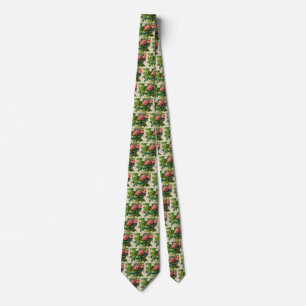 Vintage Floral Pink Roses, Vase of Flowers Tie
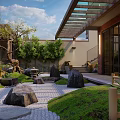 Japanese Zen Courtyard Garden with Stone Moss Trees Wooden Deck Tea Table and Round Cushions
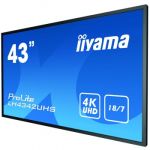 iiyama LH4342UHS-B1 signage display 108 cm (42.5") IPS 4K Ultra HD Digital signage flat panel Black Built-in processor Android 8.0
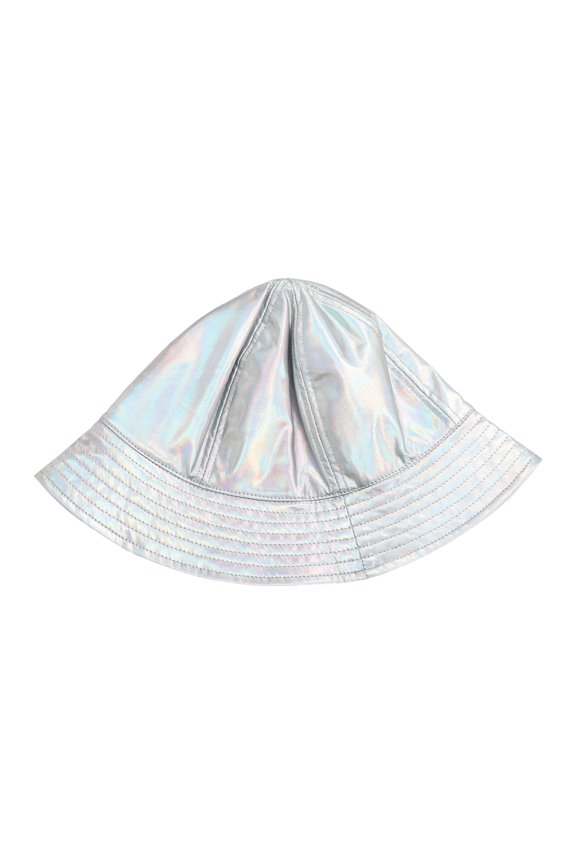 Holographic Bucket Hat for Women Trendy Metallic Finish Foldable Cap with Sun Protection Silver B One Size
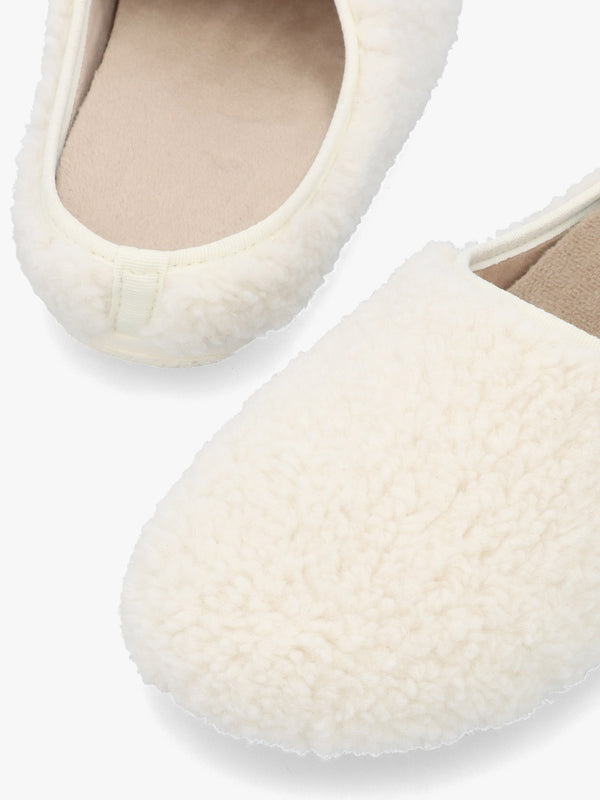 Heddy Cream Teddy Fleece Mule Slippers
____
◆ **EXERCISE DIRECTIONS**
Every word of the data should be reproduced exactly; please omit any pictures.

◆ **WORKED SOLUTION**
 Vintage Floral Pink Roses, Vase of Flowers Tie
 Japanese Zen Courtyard Garden with Stone Moss Trees Wooden Deck Tea Table and Round Cushions
 iiyama LH4342UHS-B1 signage display 108 cm (42.5") IPS 4K Ultra HD Digital signage flat panel Black Built-in processor Android 8.0
 Holographic Bucket Hat for Women Trendy Metallic Finish Foldable Cap with Sun Protection Silver B One Size
 Heddy Cream Teddy Fleece Mule Slippers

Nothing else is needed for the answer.